Indeed, PDL1 mRNA expression was significantly upregulated in the TSH/silent PIT1enrich and GHenrich proteomic clusters (Kruskal-Wallis test, P = 2.7e‒12) (Fig. 5c), as well as in the TSH, silent PIT1, and GH clinicopathological subtypes (Kruskal-Wallis test, P = 7.1e‒08) (Supplementary information, Fig. S8d). Given its role in immune suppression,48 we further explored the correlation between PDL1 mRNA expression and JAK1-STAT1-PDL1-related molecules, including IFNGR1, EIF4E, JAK1, and STAT1 in PitNETs (Fig. 5d). As expected, these molecules were significantly positively correlated at the mRNA, protein, and phosphoprotein levels. In addition, we observed that TCR signaling-related genes, including PTPN6, PLCG1, and JUN, were significantly negatively correlated with PDL1 mRNA expression (Fig. 5d), which is consistent with the PD1-PDL1 immune checkpoint mechanism.49 The multi-omics data suggested that activation of the JAK1-STAT1-PDL1 axis could inhibit antitumor immune response through adaptive immune resistance based on the high transcription levels of PDL1 observed in the TSH/silent PIT1enrich and GHenrich clusters, suggesting that anti-PDL1 therapies might warrant exploration in these tumors. Further validation of PDL1 by IHC staining in our PitNET cohort revealed that it was expressed at higher levels in some clinicopathological subtypes, including TSH, silent PIT1, and GH, than in other subtypes (Supplementary information, Fig. S8e). The PDL1 H-score was significantly higher in the TSH/silent PIT1enrich and GHenrich clusters (proteomic subtyping) and Immune-exhausted cluster (immune subtyping), which is consistent with findings obtained from multi-omics data (Fig. 5e).

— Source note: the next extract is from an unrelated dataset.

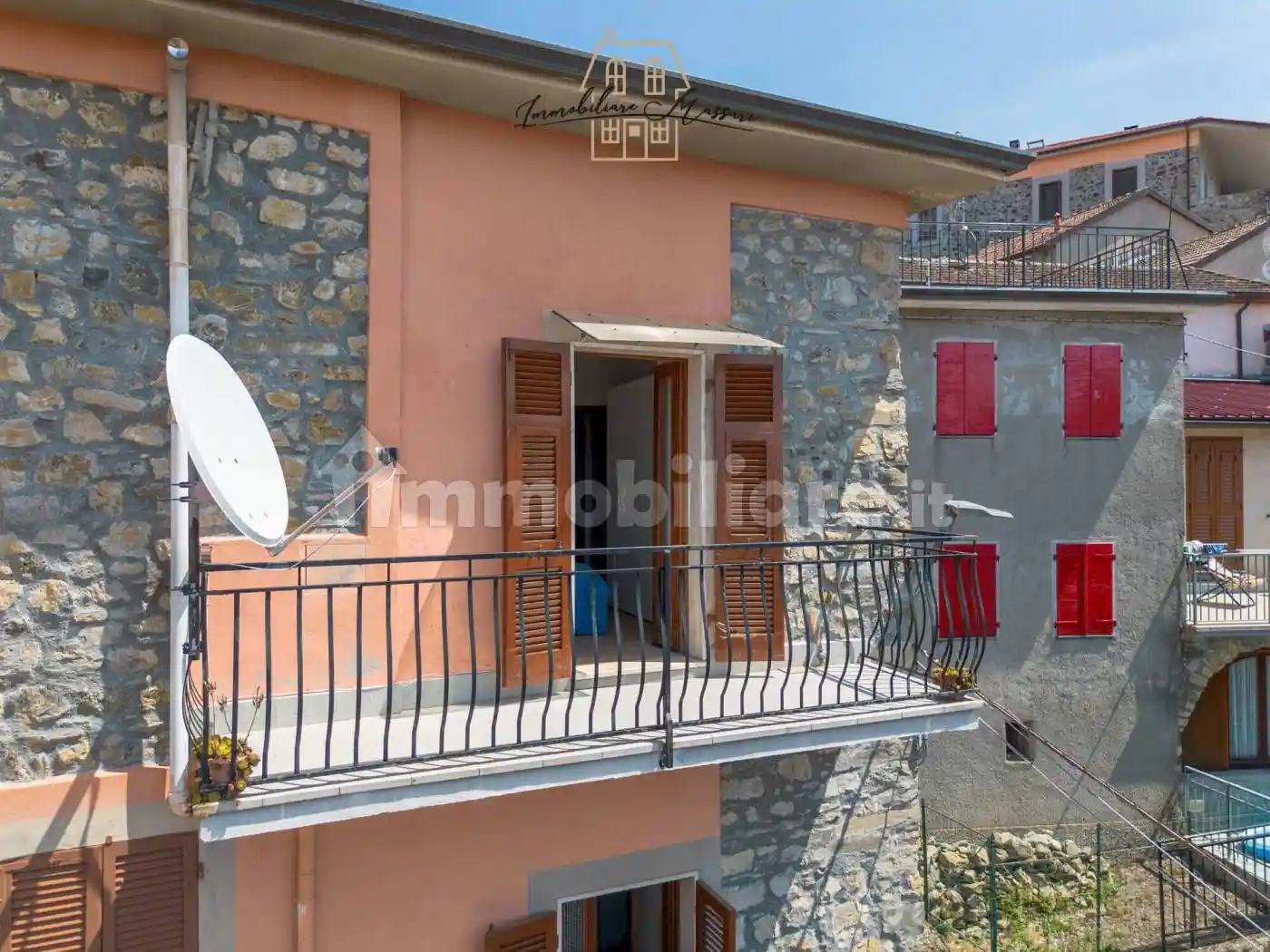Appartamento in vendita a Rocchetta di Vara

In the PIT1 lineage, we found that PDL1 was upregulated in the TSH/silent PIT1enrich and GHenrich clusters, consistent with their lower immune scores. In contrast, other clusters in the PIT1 lineage, such as the EMTPRO cluster, had higher immune scores (Supplementary information, Fig. S8f) and low PDL1 expression. Interestingly, the expression of another JAK-STAT axis, JAK3-STAT6-FOS/JUN, was highly correlated with immune score (Fig. 5f; Supplementary information, Fig. S8g). STAT6 has been reported to regulate FOS and JUN, further contributing to tumor progression.50,51,52 In addition, the FOS and JUN TFs regulate downstream chemokines, such as CCL2, CCL5, IL6, and TGFB1,53 all of which showed significantly positive correlation with immune scores at the mRNA and protein levels (Fig. 5f, g; Supplementary information, Fig. S8g). These findings led us to propose that increased immune infiltration caused by chemokine expression in the EMTPRO cluster was likely regulated by the JAK3-STAT6-FOS/JUN axis. In the multi-omics data, JAK1/STAT1 showed a moderate negative correlation with JAK3/STAT6 in both the PIT1 lineage tumors and all PitNETs (Fig. 5h; Supplementary information, Fig. S8h).

Taken together, these data showed unexpected bidirectional regulation in the PIT1 lineage, including immune suppression mechanisms in the TSH/silent PIT1enrich and GHenrich clusters that might be responsive to checkpoint (PDL1 and PD1) inhibitors, and immune infiltration mechanisms in the EMTPRO cluster that could be potentially targeted with immunotherapies (Fig. 5i).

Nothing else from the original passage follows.